The Gradient: every partial, bundled into one arrow

Find the direction the function climbs fastest.

The contour plot below shows $f(x, y) = x^2 + 2 y^2$ . Drag $\mathbf{p}$ anywhere. Then rotate the coral arrow $\mathbf{u}$ , your “direction of travel.”

The right panel plots $D_\mathbf{u} f$ (the rate of change of $f$ when you walk in direction $\mathbf{u}$ ) as a function of $\theta$ . As you rotate, that rate traces a curve.

Three things to find:

Rotate $\mathbf{u}$ until the rate is at its peak. There’s exactly one direction per point that’s “steepest uphill.”
Rotate $\mathbf{u}$ to the opposite direction. The rate is the negative of the peak: that’s “steepest downhill.”
Rotate to perpendicular of either. The rate is zero; you’re walking along a contour, the function isn’t changing.

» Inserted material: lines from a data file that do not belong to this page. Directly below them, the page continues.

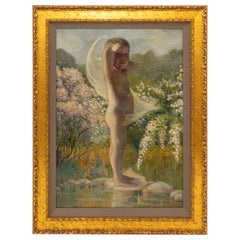 Antique Oil on Canvas Painting of a Child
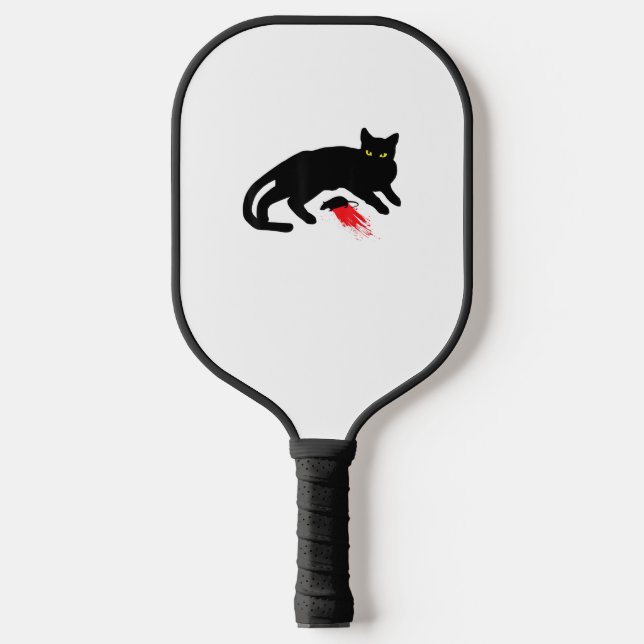Black Cat Killer Instincts Dead Mouse Punk Goth  Pickleball Paddle (Front)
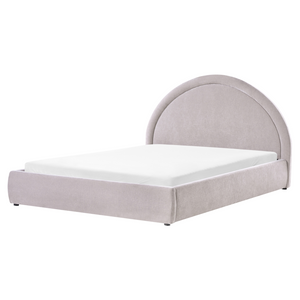 Letto imbottito in tessuto tortora 160 x 200 cm, contenitore rialzabile con testiera e rete a doghe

Press snap to ∇f on the widget to align $\mathbf{u}$ with the special “peak” direction. Note its name. We’re going to call that direction the gradient and spend the rest of the lesson explaining it.

The definition

For $f: \mathbb{R}^n \to \mathbb{R}$ , the gradient is the tuple of all partial derivatives:

\nabla f(\mathbf{x}) \;=\; \left(\, \frac{\partial f}{\partial x_1},\; \frac{\partial f}{\partial x_2},\; \dots,\; \frac{\partial f}{\partial x_n} \,\right).

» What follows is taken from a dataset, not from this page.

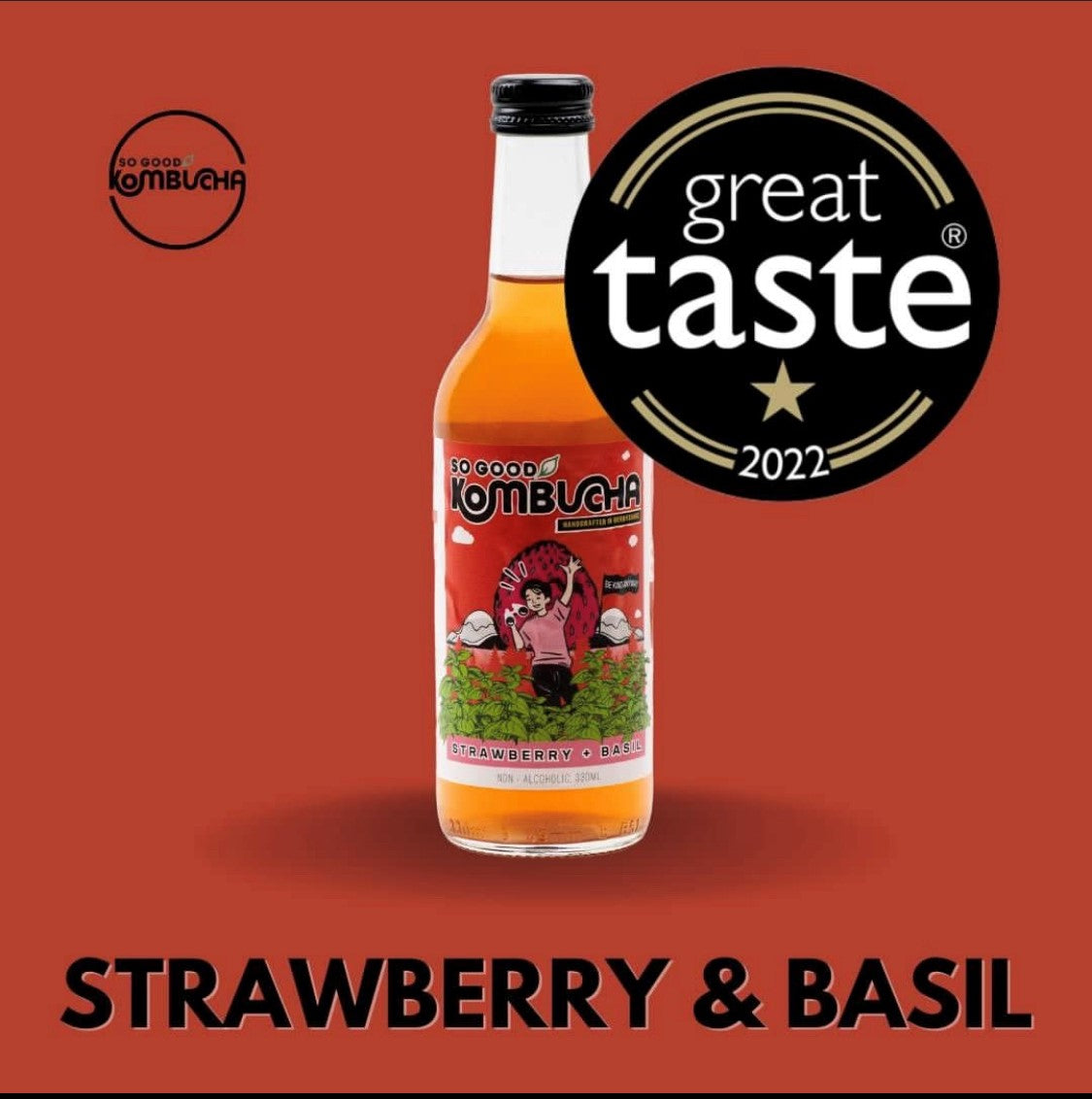 So Good Kombucha 12 Bottles Strawberry &amp; Basil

The symbol $\nabla$ is called “nabla” or just “del.” It means “compute every partial and stack them into a tuple.”

For $f(x, y) = x^2 + y^2$ : $\dfrac{\partial f}{\partial x} = 2x$ , $\dfrac{\partial f}{\partial y} = 2y$ , so $\nabla f = (2x, 2y)$ .

(For our widget’s function $f = x^2 + 2y^2$ , the gradient is $(2x, 4y)$ . That’s the violet arrow you saw in the input plane.)

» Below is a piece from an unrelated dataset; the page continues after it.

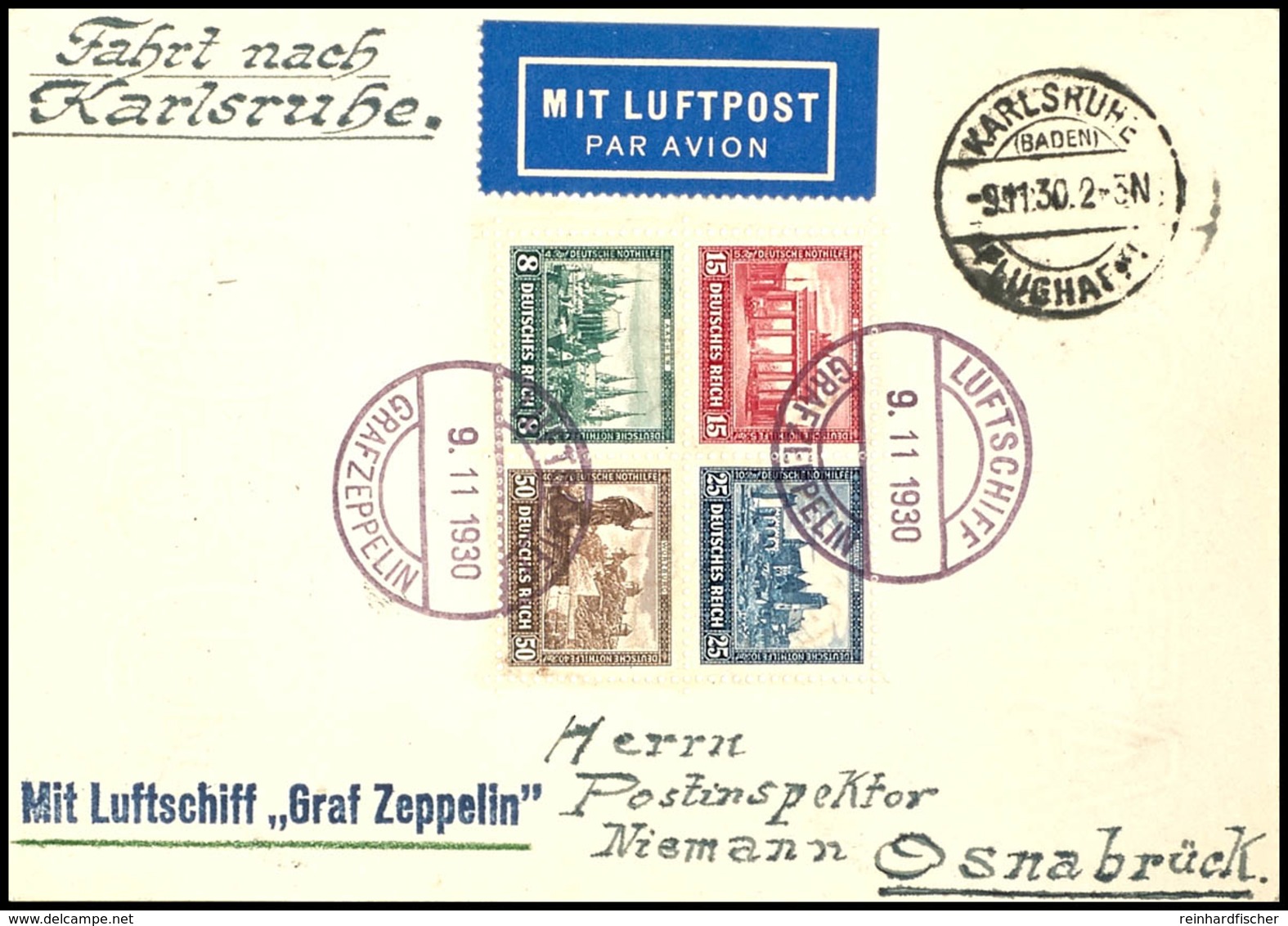 1930, Landungsfahrt Nach Karlsruhe, Bordpost Nach Karlsruhe, Bildpostkarte Mit IPOSTA-Block Und Rückseitiger 5 Pfg Hinde - Autres & Non Classés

The gradient lives where the inputs live

This matters and the instinct is usually wrong, so we labour it for one sentence.

$f$ has 2 inputs and 1 output. Its graph is a surface in 3D. Its gradient is a vector in 2D, with the same number of components as the input. The gradient is NOT an arrow on the tilted surface. It lives in the input plane, next to the contour lines.

In higher dimensions this never looks right: a neural-network loss has millions of inputs and one output. The gradient is a vector in millions of dimensions. There’s no surface to draw. Contour-space reasoning is the only thing that scales.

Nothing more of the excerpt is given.